Figure-3: Shapes can be measured

o   
Measures of relationship

When there are multiple data features, we also need to measure the relationship between them. There are several statistical measures that can be used to capture how the feature are related to each other. The two most widely used measures of how two variables move together (or do not) are Covariance and Correlation

Covariance between two data series (x1, x2, …...) and (y1, y2, …...), provides a measure of the degree to which they move together. A positive sign indicates that they move together and a negative sign that they move in opposite directions. Correlation is the standardized measure of the relationship between two variables. It can be computed from the covariance. Correlation can never be greater than one or less than negative one. 


Figure-4: Relations can be measured

A simple regression is an extension of the correlation/covariance concept. It attempts to explain one variable, the dependent variable, using the other variable, the independent variable.

Use of descriptive statistics in analysis
Descriptive summaries may be either quantitative i.e., summary statistics, or visuals such as simple-to-understand graphs etc. These summaries may either form the basis of the initial description of the data as part of a more extensive statistical analysis, or they may be sufficient in themselves for a particular investigation.
For example, in a basketball game the shooting percentage is a descriptive statistic that summarizes the performance of a player or a team. This number is the number of shots successful divided by the number of shots attempted. For example, a player who shoots 33% is making approximately one shot in every three attempts. The percentage summarizes multiple discrete events. Consider also the grade point average. This single number describes the general performance of a student across the range of topics learned during a course.

Univariate analysis
This is perhaps the simplest form of statistical analysis. Like other forms of statistics, it can be inferential or descriptive. The key fact is that only one variable (attribute/feature) is involved.
Univariate analysis involves describing the distribution of a single variable, including its central tendency (the mean, median and mode), dispersion (the range, interquartile range, variance and standard deviation etc) and the shape of the distribution may be described via indices such as skewness and kurtosis.
Characteristics of a single variable's distribution may also be depicted in graphical or tabular format, including histograms and stem-and-leaf display etcThe Frequency polygon in figure give an idea about the shape of the data and the trends that the univariate “Age” data set follows.

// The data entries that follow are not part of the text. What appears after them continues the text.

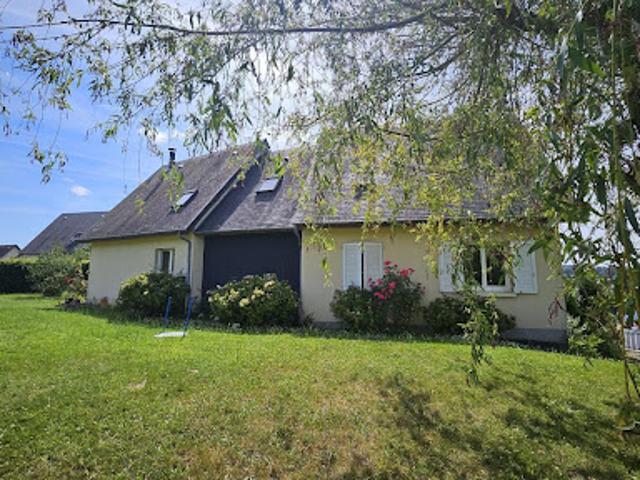Vente Maison 6 pièces 173 m2 Grainville la Teinturière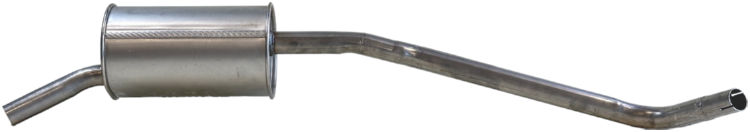 Bosal Achterdemper 279-671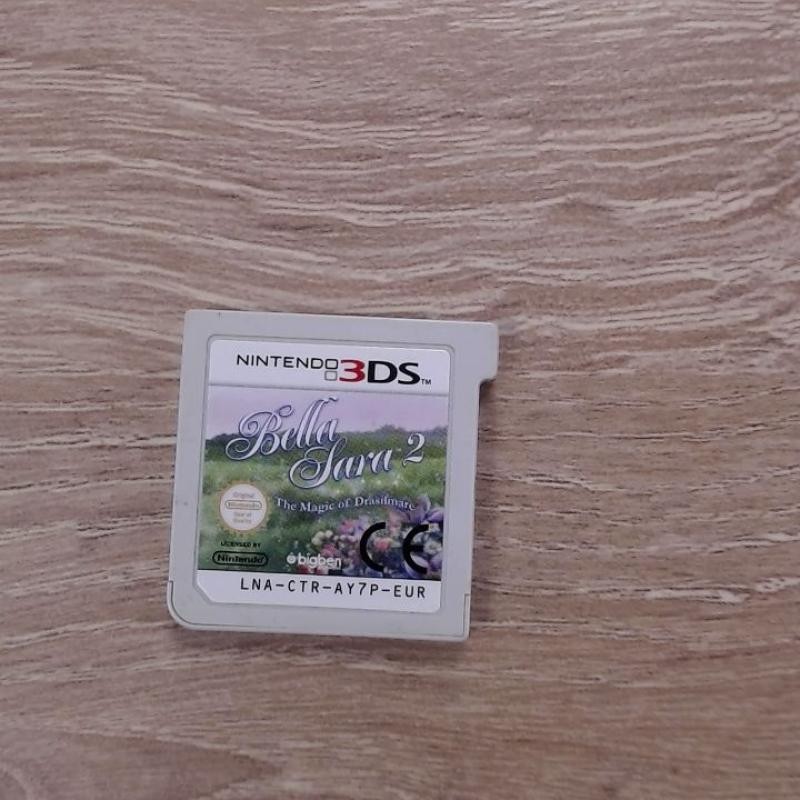 JEU 3DS BELLA SARA 2 (JEU SEUL)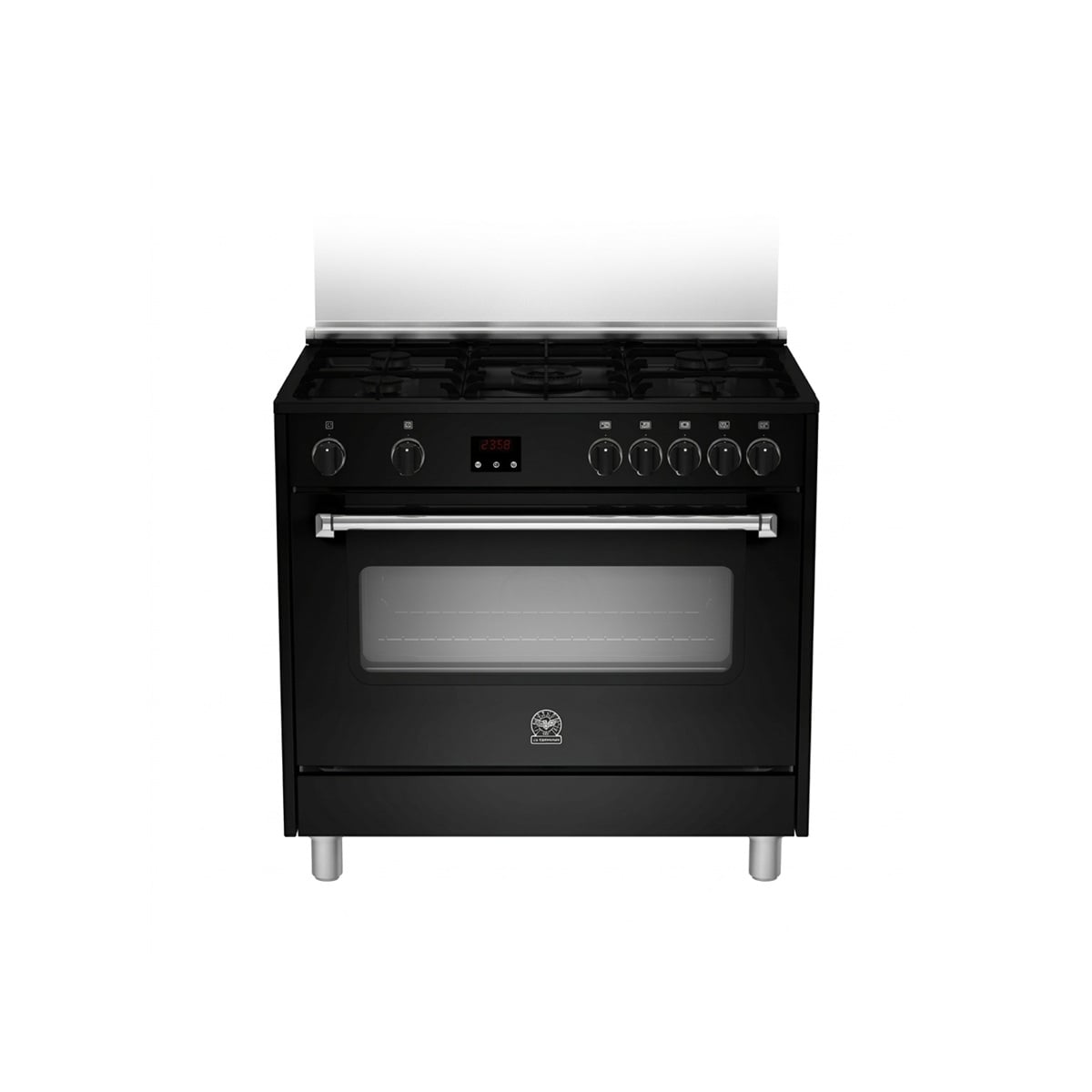 La Germania Gas Cooker 90Cm LAMS95C81CBN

Figure-5: Univariate analysis (Frequency polygon)

Bivariate analysis
Bivariate analysis is the simultaneous analysis of two variables. It explores the concept of relationship between two variables, whether there exist an association and the strength of this association, or whether there are differences between two variables and the significance of these differences.
When a sample consists of more than one variable, descriptive statistics may be used to describe the relationship between pairs of variables. In this case, descriptive statistics include:


  • Cross-tabulations and contingency tables. 
  • Graphical representation via scatter plots. 
  • Quantitative measures of dependence.
  • Descriptions of conditional distributions

The main reason for differentiating univariate and bivariate analysis is that bivariate analysis is not only simple descriptive analysis, but also it describes the relationship between two different variables
Quantitative measures of dependence include correlation (such as Pearson's r when both variables are continuous, or Spearman's rho if one or both are not continuous) and covariance. Slope in regression analysis, also reflects the relationship between variables.
Figure-6: Bivariate analysis between y1, y2

Multivariate analysis is essentially the statistical process of simultaneously analyzing  multiple independent (or predictor) variables with multiple dependent (outcome or criterion) variables. Multivariate analysis (MVA) is based on the statistical principle of multivariate statistics, which involves observation and analysis of more than one statistical variable at a time.



Figure-7: Multivariate analysis

Role of moments in Statistics

Role of moment in Statistics

Moments are expected values of random numbers. In statistics, moments are quantitative measures that describe the specific characteristics of a probability distribution. They are used to determine the central tendency, variability and shape of a dataset. Moments help to describe the distribution and are required in statistical estimation and testing of hypotheses.

The jth moment (raw) of random variable xi which occurs with probability pi might be defined as the expected or mean value of x to the jth power. The jth central moment about x0, in turn, may be defined as the expectation value of  jth power of the quantity x minus x0, i.e.,

First Moment (Mean): The first moment is the mean or average of the data. The mean value of x is the first moment (j = 1) of its distribution with x0 = 0. It measures the location of the central point. It is defined as the sum of all the values the variable can take times the probability of that value occurring.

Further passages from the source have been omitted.